In essence, SUPERDUPERKYLE (or just KYLE for short) is all your favorite new-school rappers rolled into one. He’s got the sensitivity of Drake, the playfulness of Tyler, the Creator, and the laid-back flow of Chance the Rapper. The end result? An exuberant bubblegum, pop-infused trap in the vein of Lil Yachty.
And if you’ve already listened to the rapper’s debut album, Light of Mine—he’s just as light-hearted in person as he is on his bouncy, positive-driven tracks.
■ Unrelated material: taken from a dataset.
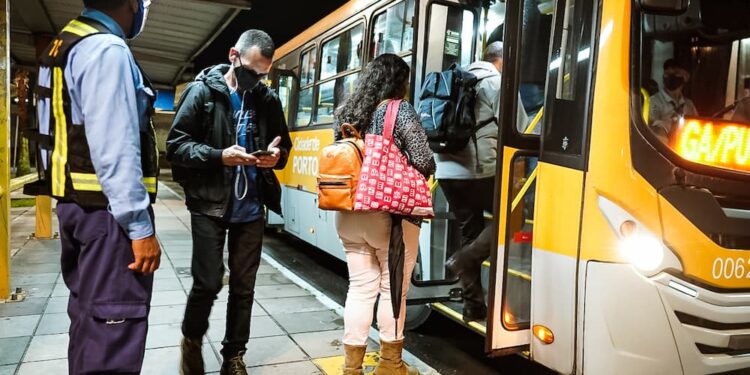 EPTC onibus sem cobrador 1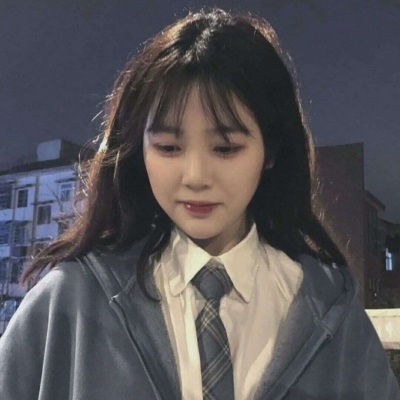 新版QQ女生头像合集 共20张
Here’s the low-down on KYLE.
His beginnings weren’t super-duper
Since breaking out onto the scene in 2016 with his lively Lil Yachty-assisted track “iSpy,” KYLE’s pretty much fronted the ‘happy rap’ genre. Embodying the “good vibes only” mantra, the rapper—real name: Kyle Harvey—easily stood out among his peers like Lil Uzi Vert and Trippie Redd. But despite his efforts to uplift his fans, the Cali native hadn’t always radiated cheery energy.
Behind his crooked smile, the rapper was a victim of bullying growing up. Kids used to tease him for his speech impediment and snaggletooth, and at 16, the loss of his grandfather caused him to spiral into depression.
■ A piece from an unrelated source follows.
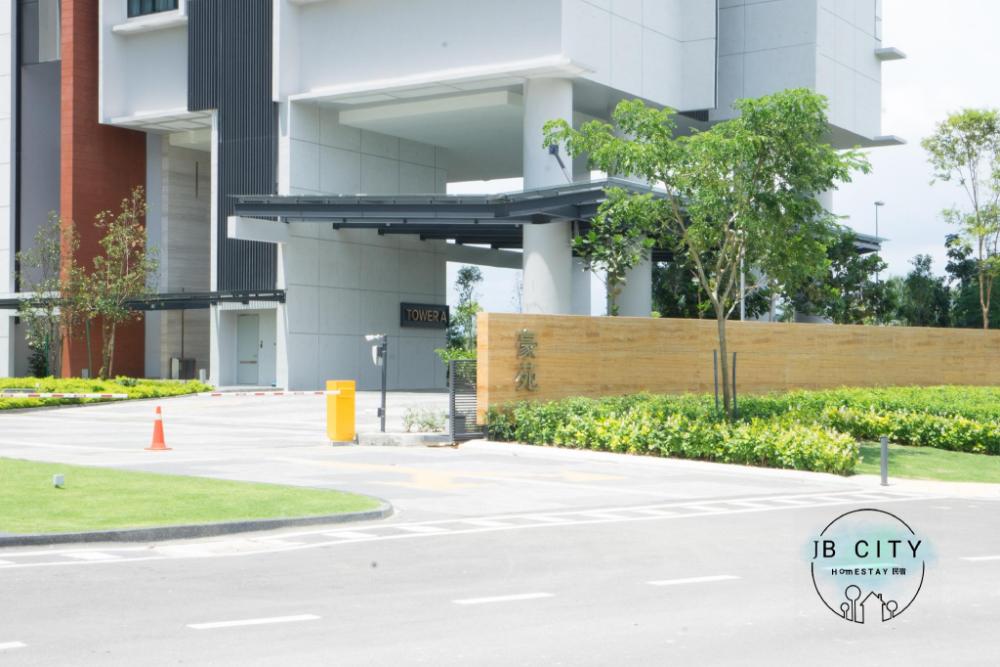 grand medini suites by jbcity home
Naturally, it was music—specifically Kid Cudi’s—that pulled him out of a dark place. “[Kid Cudi] was the first person I could relate to that was hurt. [He] has saved lives. He saved my life,” the rapper told Rolling Stone in 2017. On his song “Ups & Downs,” he even shouted out Cudder on a verse, “When I need somebody to lean on / I put that Cudi CD on.”
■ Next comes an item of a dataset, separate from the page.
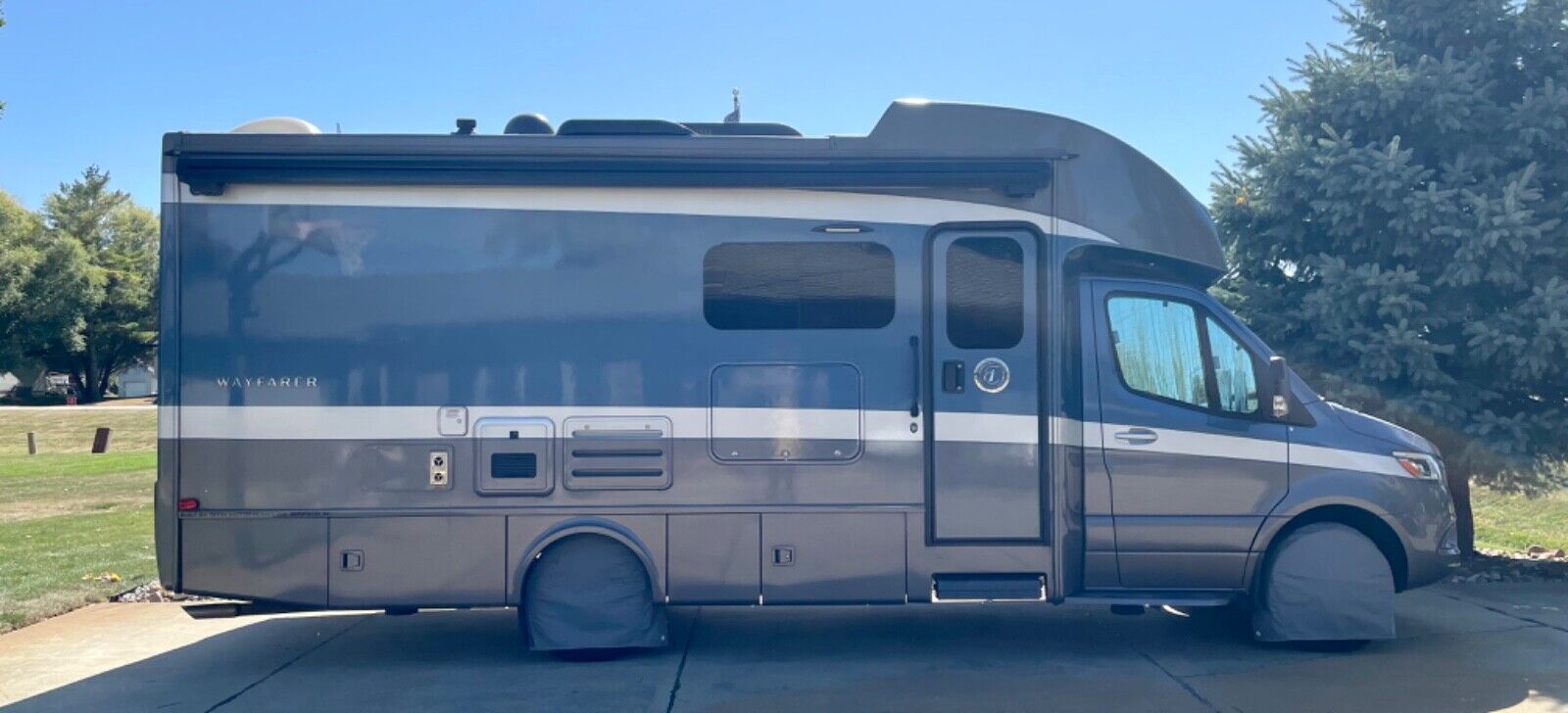 2021 Tiffin Wayfarer 25RW, Class C RV, Private Seller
It’s KYLE’s personal struggle with mental health that inspired him to create positive music for others. Just like how Cudi changed his life, the rapper also wants to be there for anyone who felt as lonely as he once did.
He’s an all-around social activist
Apart from being vocal about mental health, KYLE also considers himself a strong ally of the LGBT community. Due to his diverse upbringing—he was born to a white mother and black father—the biracial rapper had always felt that accepting others for their differences is second nature to him. He even applauds friends like Kevin Abstract of Brockhampton and Kehlani for opening up about their sexuality through their music. He described these moments to Gay Times UK as “really liberating to a lot of rap fans who also happen to be gay.”
The 25-year-old also wants to abolish the idea of hyper-masculinity in the hip hop world, encouraging more male rappers to feel comfortable about showing off their feminine side. “[That] needs to change big time,” he continued. “It’s definitely a culture thing, having to act so ‘hard’ or masculine.”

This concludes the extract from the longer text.